Musharraf may face charge of compromising sovereignty
The government has prepared a chargesheet, which includes accusations that Musharraf let the US breach Pakistan's sovereignty by bombing terror suspects on its soil.Updated: Aug 17, 2008 11:03 IST
Embattled President Pervez Musharraf has been asked to leave "quietly and quickly" or face impeachment and criminal charges including one accusing him of allowing the US to breach Pakistan's sovereignty by bombing terror suspects on its soil.
The former military ruler was still in a fighting mood and determined to answer all charges, sources close to the president told The Sunday Times. But they hinted that he may quit if he is convinced that charges will be dropped and he will be allowed to remain in Pakistan.
Musharraf was given an ultimatum to quit by Wednesday, the report said quoting senior government sources.

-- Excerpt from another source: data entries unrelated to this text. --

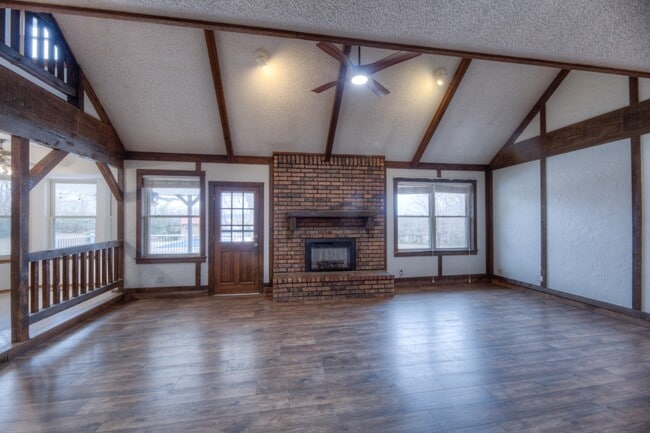 Building Photo - 24322 S Beulah Cove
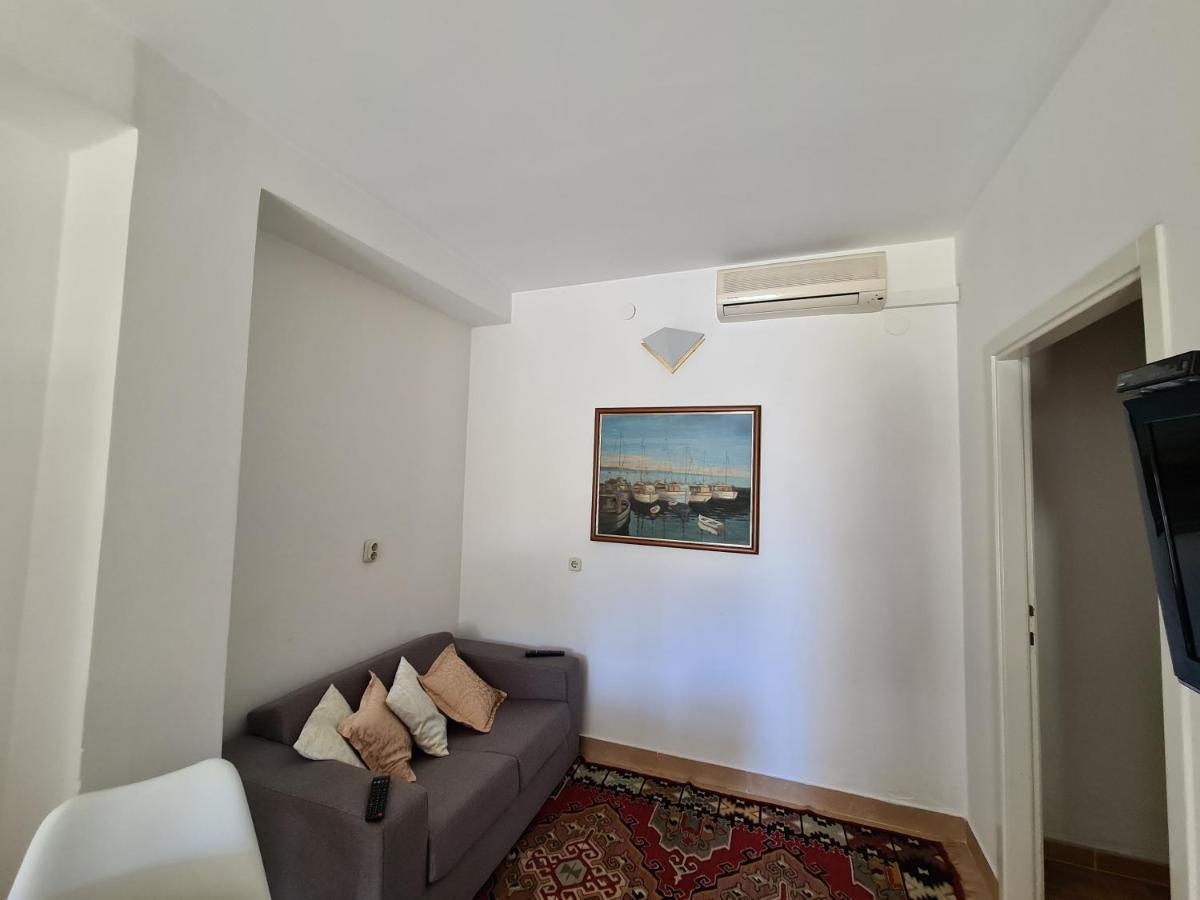 Apartments Srzic No1 Макарска Екстериор снимка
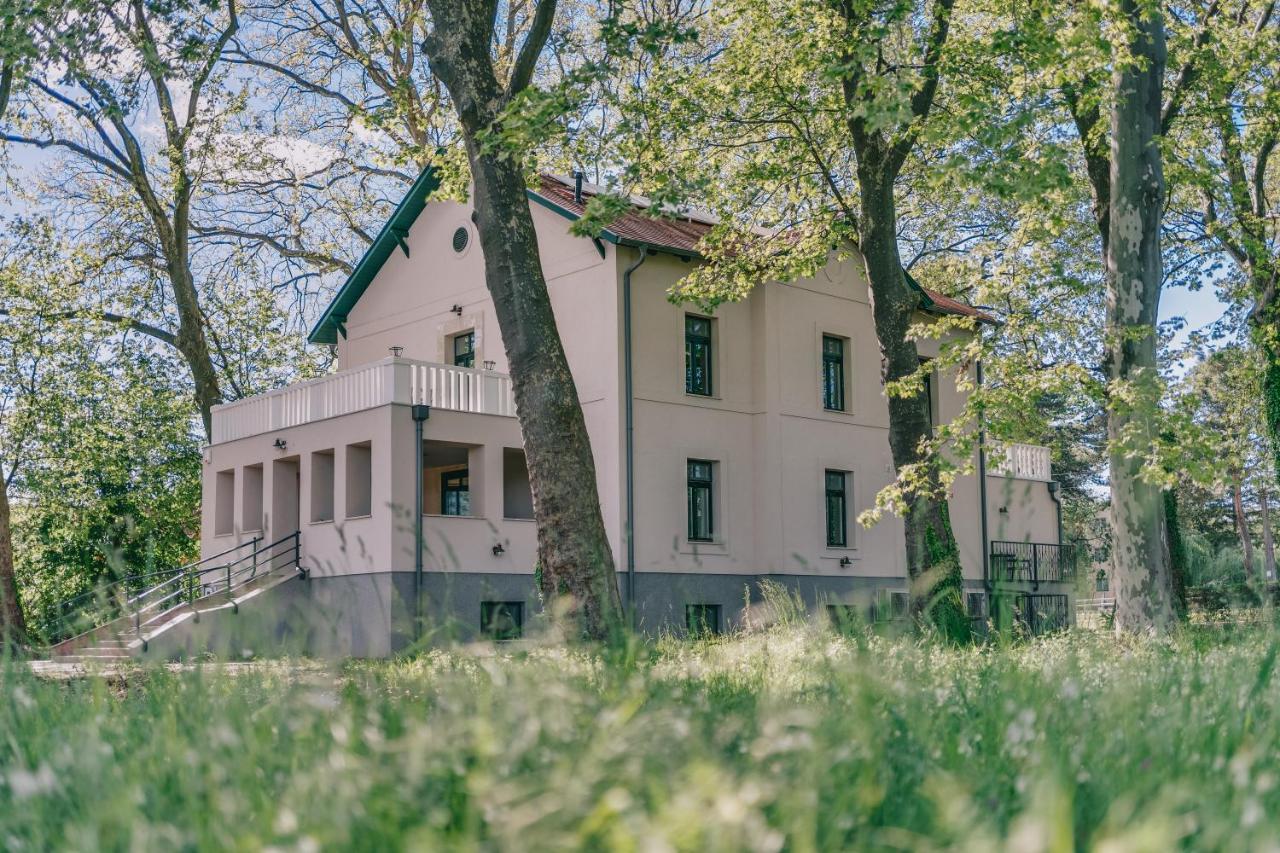 Bringa Villa Balatonlelle Exteriör bild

However, senior Pakistan People's Party leader and Foreign Minister Shah Mahmood Qureshi told reporters in Multan on Saturday that Musharraf would have to resign by Sunday.

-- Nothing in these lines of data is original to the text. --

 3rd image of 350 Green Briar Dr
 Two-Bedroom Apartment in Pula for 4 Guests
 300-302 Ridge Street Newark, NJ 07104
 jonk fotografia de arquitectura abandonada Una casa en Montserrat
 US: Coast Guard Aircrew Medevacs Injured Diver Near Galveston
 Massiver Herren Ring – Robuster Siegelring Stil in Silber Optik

The Times reported that Pakistan's army chief General Ashfaq Parvez Kayani has assured the president that no charges would be brought if he went "quietly and quickly".
At the same time, Kayani has indicated that the army will not step in to save Musharraf if he refuses to resign.

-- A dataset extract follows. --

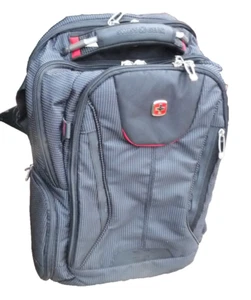 Wenger SwissGear Backpack 18 x 12 x 9 - Photo 1/9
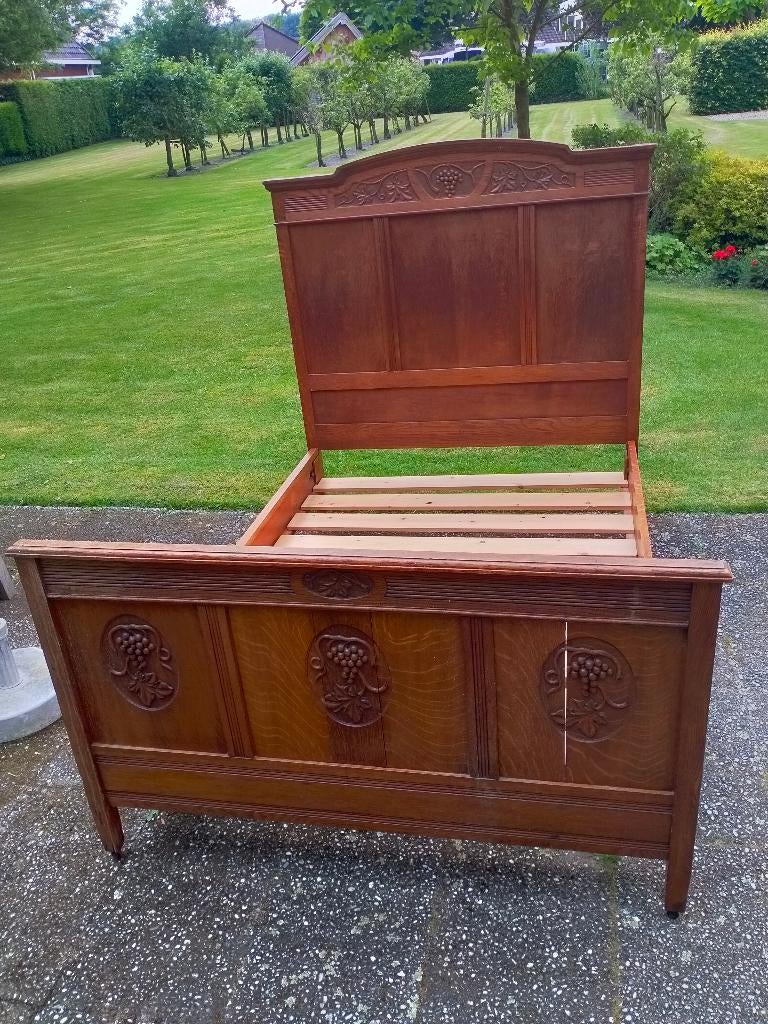 Antiek houten ledikant met nachtkastje, Ophalen, Gebruikt, 65 cm of meer, 70 cm of meer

The newspaper said last week Britain, the United States and Saudi Arabia were making vigorous efforts to reach a deal under which Musharraf would be allowed to go "humanely".
The US, the UK and Kayani all fear the possibility of a court case in which the president's often controversial role in the war on terror would be exposed.
The government has prepared a chargesheet, which includes accusations that Musharraf let the US breach Pakistan's sovereignty by bombing terror suspects on its soil, the paper said.